Sal Kahn? He’s getting twice the amount of this charter school manager, $1,056,545 per year, according to: http://www.best-reviewers.com/how-much-money-does-salman-khan-make-4159.htm –which he did not dispute when mentioned in a comment this week on the Washington Post site: http://www.washingtonpost.com/blogs/answer-sheet/post/sal-khan-responds-to-critic/2012/07/25/gJQA83rW9W_blog.html
I agree, the lure of teaching is not for huge salaries and perks. However, I have met many upper level public education administrators and chancellors, who have planned out career moves within public education based on compensations and perks.
If the stories are true regarding Khan, that by growing as a non-profit service provider, through the “great entrepreneurial tradition,” creating an enterprise in the culture and custom of America’s vaunted “free market,” then Khan appears to be doing what many Americans have done before him, create a useful, free and opened sourced product that has come into great demand.

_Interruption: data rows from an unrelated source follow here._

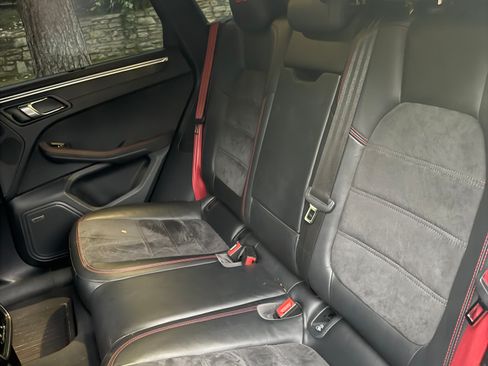 Used 2018 Porsche Macan GTS w/ Premium Package Plus image 17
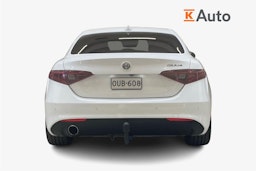 valkoinen Alfa Romeo Giulia 2017 kuva 3.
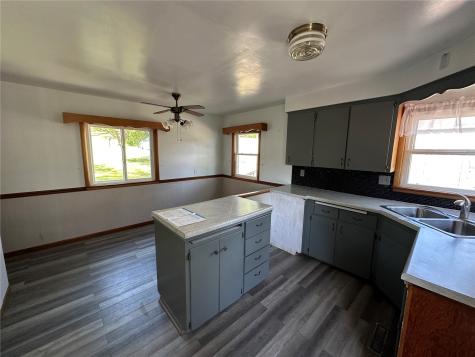 2815 Waveland Drive NW Cedar Rapids IA 52405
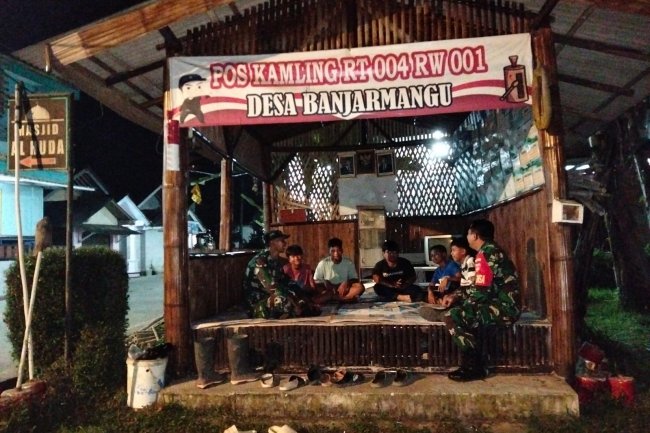 Patroli Rutin Piket Koramil 13/Banjarmangu Sambangi Warga Yg Sedang Beraktifitas Jaga Kondusifitas Wilayah
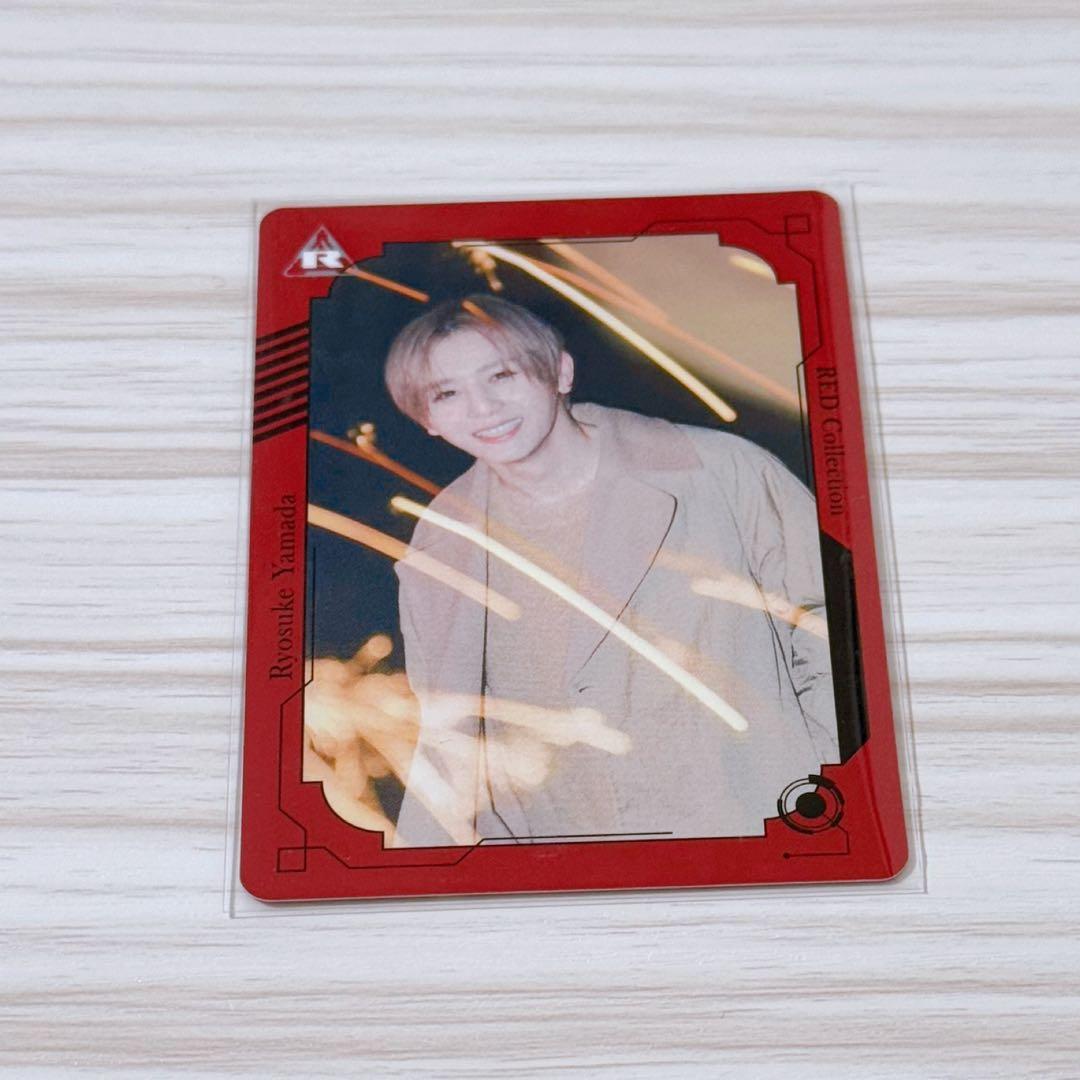 RED】 山田涼介 ビジュアルカードRyosuke Yamada - メルカリ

Now Khan has Google, Gates, Doerr, O’Sullivan, and many more supporters and contributors (both public and private) to his enterprise. And the chain of Khan Academies is born.
Khan’s open source and free video lesson plans, on their face, are not the problem. Nor are his salary and the perks. That one person extracts $553,000 overseeing a few charter schools is, indeed, ludicrous. So are the salaries of most of the presidents of public colleges. So are the salaries of public college sports head coaches.
Khan’s issue is with accountability, methodology, pedagogy, etc., as well as a disconnect to the lives of the individuals and communities he might serve. That is, it takes a well trained teacher, tied into the community, to instill real learning and inspiration to students. It takes a free public school site wherein people, parents, and other public agencies from the community interact and where there are safeguards in the design to ensure an optimal learning environment.
I am a retired teacher from the public sector. Most of us have seen huge changes that technology has brought to education. I think we’ve all used informative videos as part of our lesson plans. If the video passes muster through the school district, then it can enhance the learning experience. At least in the best of all worlds.
Our focus should not be on compensations of those who work for private corporate interests. We know it’s always about the money with them. Surely not for the kids. Corporate enterprise has taken down their public school prey over the years through union busting, and deceitful practice. What else is knew? All allowed and encouraged, with impunity, through corruptive corporate influence, and questionable actions within federal, state, and local politics and judiciaries.
We should be focused on how our public schools and staff are losing their voices as the destruction of public education by private corporate interests continues, with the approval of federal, state, even local agency. How states have illegitimately manipulated public teacher pension funds with seeming privilege. And follow through with continued representational pressure in the courts.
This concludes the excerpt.